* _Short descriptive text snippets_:
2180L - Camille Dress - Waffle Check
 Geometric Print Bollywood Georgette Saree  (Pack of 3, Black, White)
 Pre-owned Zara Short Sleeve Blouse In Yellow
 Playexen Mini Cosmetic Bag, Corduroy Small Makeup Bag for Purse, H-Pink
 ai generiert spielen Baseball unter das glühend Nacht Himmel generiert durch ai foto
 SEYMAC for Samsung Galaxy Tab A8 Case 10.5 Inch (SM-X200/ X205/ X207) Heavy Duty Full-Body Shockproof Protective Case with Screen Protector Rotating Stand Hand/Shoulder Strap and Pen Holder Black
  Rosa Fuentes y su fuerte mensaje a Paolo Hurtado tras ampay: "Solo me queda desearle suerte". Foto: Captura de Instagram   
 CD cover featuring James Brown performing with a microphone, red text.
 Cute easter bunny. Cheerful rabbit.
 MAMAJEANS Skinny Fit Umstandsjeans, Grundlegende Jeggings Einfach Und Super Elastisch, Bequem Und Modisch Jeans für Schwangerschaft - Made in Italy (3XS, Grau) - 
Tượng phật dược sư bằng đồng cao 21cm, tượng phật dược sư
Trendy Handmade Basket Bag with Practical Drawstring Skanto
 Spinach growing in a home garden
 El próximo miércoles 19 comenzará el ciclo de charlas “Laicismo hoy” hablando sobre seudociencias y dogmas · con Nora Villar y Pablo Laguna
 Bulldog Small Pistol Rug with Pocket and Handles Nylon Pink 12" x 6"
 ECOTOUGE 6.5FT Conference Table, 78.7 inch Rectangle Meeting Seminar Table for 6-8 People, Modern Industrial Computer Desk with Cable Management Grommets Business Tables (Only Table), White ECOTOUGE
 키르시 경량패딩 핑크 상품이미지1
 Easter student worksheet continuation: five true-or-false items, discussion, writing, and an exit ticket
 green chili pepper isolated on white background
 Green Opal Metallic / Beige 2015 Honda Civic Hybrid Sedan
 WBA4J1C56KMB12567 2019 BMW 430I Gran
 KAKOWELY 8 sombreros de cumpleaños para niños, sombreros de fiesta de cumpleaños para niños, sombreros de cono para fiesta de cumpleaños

* _EXERCISE_:
Gather up, from the records above, each line where the word "Small" appears.

* _ANSWER BOX_:
 Playexen Mini Cosmetic Bag, Corduroy Small Makeup Bag for Purse, H-Pink
 Bulldog Small Pistol Rug with Pocket and Handles Nylon Pink 12" x 6"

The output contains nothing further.